Download ionworks-defined models for plain pybamm

Users who have only ionworks-schema / ionworks-api — and not the licensed ionworkspipeline package — can now obtain ionworks-defined models (ECM, LumpedSPMR, the MSMR models, GITTModel) in a form they can load and run with plain pybamm. A new POST /discovery/ionworks_models/serialize endpoint builds the model server-side (where the license lives) and returns a loadable serialisation, exposed through the Python SDK.

App-URL helpers for every routed resource

The SDK’s client.urls grew from a single .measurement() method to a full set of web-app link builders — project, model, parameterized_model, optimization, pipeline, study, simulation, cell_specification, cell_instance, and more — so callers never hand-construct app.ionworks.com URLs from IDs. The helpers are environment-aware, deriving the right host for whichever API environment the client is configured against.
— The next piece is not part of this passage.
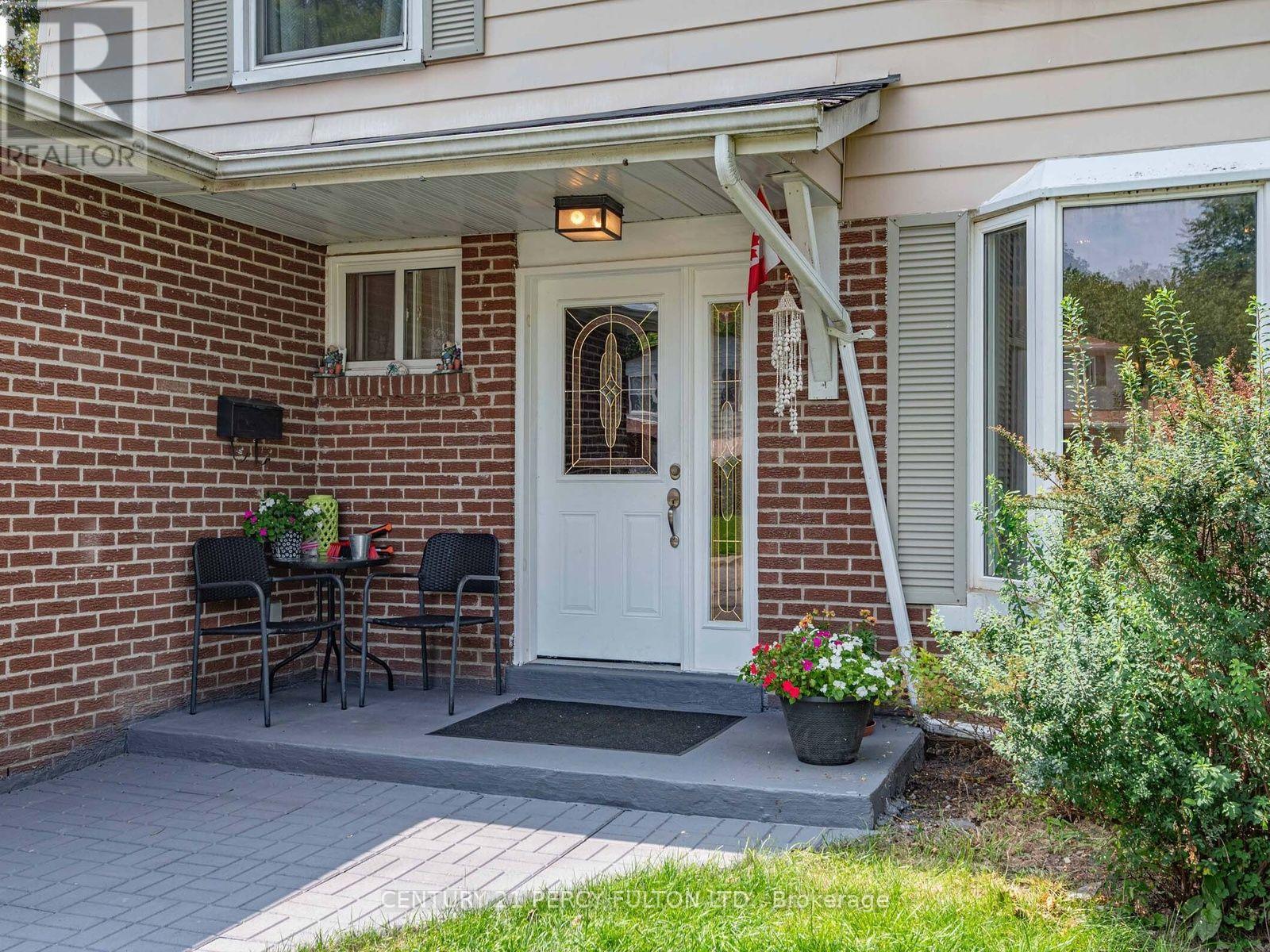 388 Handley Crescent, Newmarket (Central Newmarket), Ontario  L3Y 4T4 - Photo 5 - N13628522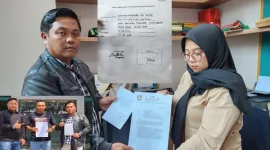 FOTO: Ketua Umum LSM LIAR, Nofal Saat di Kejaksaan Tinggi Jawa Barat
Stricter, clearer pipeline configuration

Most user-driven errors in ionworkspipeline now raise UserConfigurationError (a ValueError subclass) instead of bare ValueError / KeyError, so configuration mistakes — wrong field types, out-of-range values, missing keys — are routed to a clear Configuration error for the user instead of paging on-call as an internal error. Alongside this, an in-progress schema-contract hardening effort began validating optimizer configs at the boundary: passing SciPy-only keys to a native optimizer (e.g. DifferentialEvolution(popsize=5, maxiter=10)) now hard-errors at submission time instead of being silently swallowed.
Improvements
  • A single calculation structuredict[str, list[str] | None] mapping each objective to the variables to compute — is now the source of truth for objective- and variable-level cost scoping, replacing the per-cost objective_names list. This lets a weighted Wasserstein (position-shifting dQ/dV) and a per-variable SSE share one MultiCost over an objective, with each cost explicitly scoped to the variables it should consume. ElectrodeBalancing gained a dQdU model axis option that emits dQ/dV on the model’s own full-window voltage axis so a weighted Wasserstein can align peaks in voltage rather than on the data grid.
  • Strict optimizer-option validation: unknown algorithm_options keys (and method/options mismatches) are rejected at submission time, and AskTellOptimizer rejects unknown constructor kwargs at runtime with an actionable message — the previous behaviour silently ignored them. The typed option wrappers (CMAESOptions, PSOOptions, DEOptions, XNESOptions, BayesianOptimizationOptions, SOBEROptions, TuRBOOptions) remain the recommended way to pass options.
  • Failure sentinels across the cost and design spaces are unified into a single FAILURE_PENALTY constant, so the fitting and design-optimization paths can no longer drift apart and the penalty value is better-conditioned for surrogate-GP fits.
Fixes
  • ECM coulomb-count capacity reference is now computed per segment. Multi-measurement fits previously accumulated the cumulative integral across concatenated segment boundaries, inflating the capacity estimate to roughly the sum of per-segment throughputs and triggering spurious capacity-sanity-check warnings.
  • A geometry passed through simulation_kwargs with symbolic bounds (e.g. a pybamm.Scalar min and a pybamm.Parameter max) is now deserialised back into pybamm objects before the simulation is built, instead of arriving as raw JSON and choking the solver.
  • parse_model now honours serialised geometry, var_pts, spatial_methods, and submesh_types for custom models, attaching them as per-instance defaults instead of letting pybamm rebuild geometry from model.options.
Improvements
  • client.model.download / serialize (introduced above) return ionworks-defined models in a plain-pybamm-loadable form.
  • client.urls (introduced above) now builds links for every routed resource, environment-aware.